Gary looked down at his son as if waking from a trance. He sniffed, took the boy roughly by the arm, and led him away without another word.
Nash spent the next few minutes assuring Chase he was fine, that he didn’t need to go to the hospital, and he didn’t want to involve the police.
“Kid has it bad enough, raised by a guy like that. He doesn’t need his dad sent away to prison.”
“He’d probably be better off.”
“Thanks for your help.”
“Anytime, partner. We umps have each other’s back. That guy’s banned for life. Pathetic, trying to relive his youth through his kid.”
Nash nodded. Not being a father, it was hard for him to imagine what could lead to such an outburst.
“Get some ice on that eye,” Chase advised. “Otherwise it’s gonna swell up like an eggplant.”
It took him longer than usual to get home. He drove slowly, his vision blurred. Nash worked during the day as a mail carrier. He woke at four every morning to make his rounds. Already he was imagining what people on his route would say when they saw him. Eunice, the old lady who waited on the porch with her begonias. David Lee at the dry cleaners on Second. The pretty bank teller who always smiled when he came in. Quite a shiner you’ve got there. I’d hate to see the other guy. The thought of it embarrassed him.
By the time he arrived, the blurriness was almost gone. Nash and his wife had recently refurbished the outside of their house. Contractors installed bright new siding, ornate ceramic shutters, a long bay window above the garden. Sometimes he nearly drove past it, thinking it was the wrong house.
Ladybird met him at the door, as usual, tail beating against his thighs, but Nash wasn’t in the mood to be slobbered on. His wife, Laura, was in the den, reading a book. He called hello and went to the kitchen, hoping he could sneak upstairs before she saw his face. But she heard him rummaging around the freezer for something to put on his eye and came over to investigate.
Laura was small, Spanish by origin, olive skin, dark curly hair. She saw his face and raised her eyebrows, looking more curious than empathetic.
“Angry coach?”
He turned away, unable to hide his expression. She watched him for a moment, confused. Then she put a hand over her mouth.

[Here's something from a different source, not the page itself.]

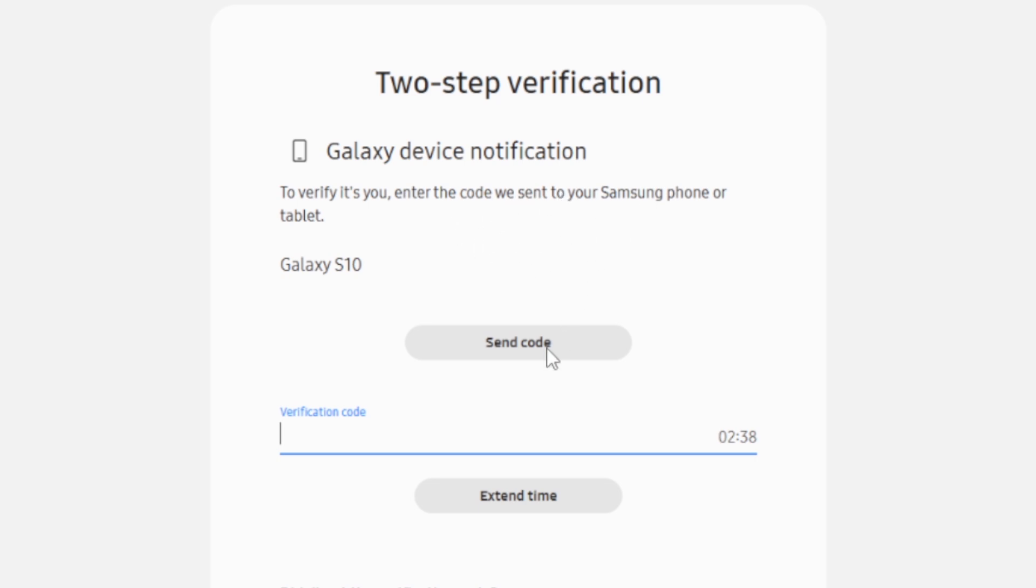just make sure to select this button here, which is written send code. If you've selected send code, then the number will start counting. If you're still not receiving the verification code, even after selecting the send code.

“Oh Nash, I’m so sorry. I was joking. I really thought you got hit by a foul ball or something. What happened?”
“Just a disagreement”, he said, holding a bag of frozen cauliflower against his eye. He paused, then added: “You think this looks bad, you should see the other guy.”
The lie surprised him. He wasn’t prone to embellishment or exaggeration. It was more than a black eye. His entire worth as an umpire had been impugned. His careful dedication, his calm impartiality. All blotted out by one right hook.
“These parents today, they’re crazy. I can’t believe the league lets this happen. You put in so much time and effort for these kids. What’s going to happen to the asshole who hit you?”
“Don’t worry, it’s taken care of.”
He liked the sound of that, taken care of. Like he was a made man, with shooters to avenge him.
Laura bit her lip, watching him with big brown eyes. Tenderly, she peeled away the bag from his skin and kissed the ridge of his eyebrow.
“My brave man. Let me get you some Advil.”
Laura had been adamant before she married him that they would never have kids. Nash was okay with it, at the time. He loved her. If she had asked him to raise a gorilla instead of a child, he would have. It made their lives easier, having no children to spend for. They didn’t worry about bills, could travel when they pleased.
She’d only ever hinted as to why. Her mother had miscarried three times. Her father was a drifter. Her childhood sounded lonely and miserable. Nash thought maybe she didn’t want to pass that trauma on. They’d been married 10 years, and rarely discussed it.
Laura came back with the pills and Nash gulped them down, even though the pain was already mostly gone. He examined his reflection in the chrome refrigerator. It didn’t look too bad.
“I’m sorry I made fun. You poor thing. Come upstairs to bed.”
“In a bit. I’m just going to unwind for a few minutes.”
She nodded. He heard her go up the stairs, light footsteps on the heavy wood.
Wearily, he tossed Ladybird a Milk-Bone and went into the study. He sat and faced the enormous antique cabinet that had been in Laura’s family for centuries. It had taken four strong men to lift it inside. There were trophies on top of the cabinet. Trophies from his days playing college ball; trophies from Laura’s time as a gymnast. Tiny metal batsmen and dancers spray painted gold.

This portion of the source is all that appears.